» Task brief
Using the listing below, please print exactly the lines from the one with "Brake Hose (92.BH.VL041)" through the one with "Photo 10 of". Leave out every picture.

··· Material for this task ···

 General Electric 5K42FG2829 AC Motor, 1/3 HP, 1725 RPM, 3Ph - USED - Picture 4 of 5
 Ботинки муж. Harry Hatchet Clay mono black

···
··· Material for this task ···

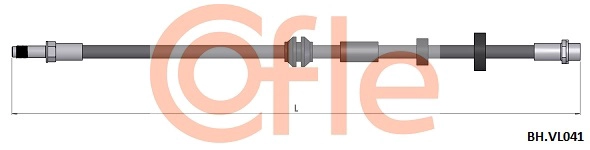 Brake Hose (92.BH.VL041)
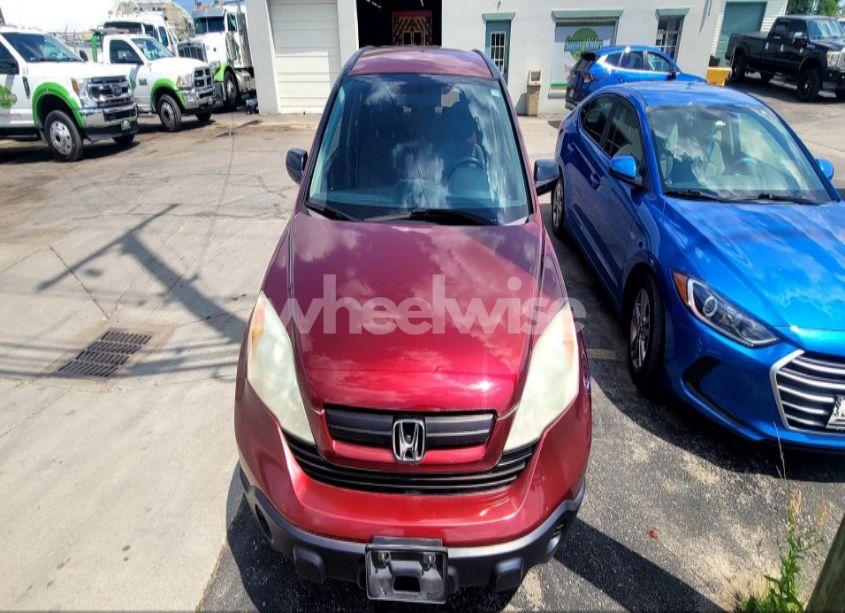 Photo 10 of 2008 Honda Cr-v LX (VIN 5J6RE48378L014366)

···

» Task answer
 Brake Hose (92.BH.VL041)
 Photo 10 of 2008 Honda Cr-v LX (VIN 5J6RE48378L014366)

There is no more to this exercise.